TASK TO COMPLETE:
Search the listing below for the line containing "Nespresso Creatista plus". From there through the line containing "Sorority Shop ADP", transcribe every line exactly, both ends included.

MATERIALS PROVIDED:
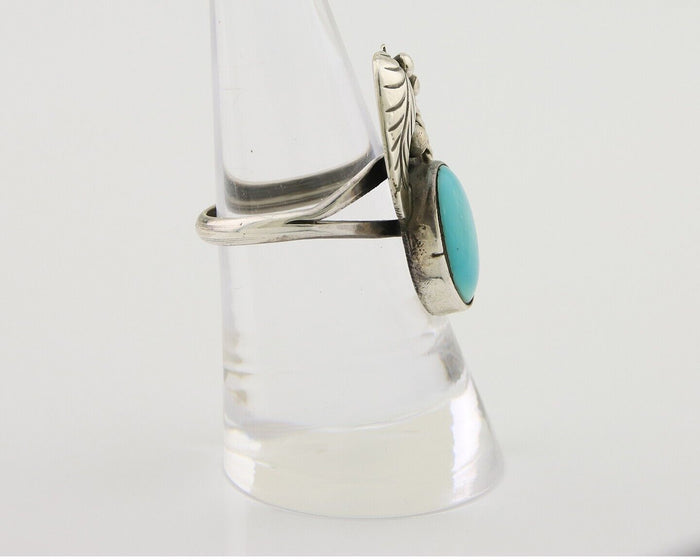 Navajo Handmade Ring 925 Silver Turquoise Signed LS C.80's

==

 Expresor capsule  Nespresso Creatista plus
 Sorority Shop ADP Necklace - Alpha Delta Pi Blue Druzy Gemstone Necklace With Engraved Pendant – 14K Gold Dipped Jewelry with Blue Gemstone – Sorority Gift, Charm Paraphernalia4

TASK RESULT:
 Expresor capsule  Nespresso Creatista plus
 Sorority Shop ADP Necklace - Alpha Delta Pi Blue Druzy Gemstone Necklace With Engraved Pendant – 14K Gold Dipped Jewelry with Blue Gemstone – Sorority Gift, Charm Paraphernalia4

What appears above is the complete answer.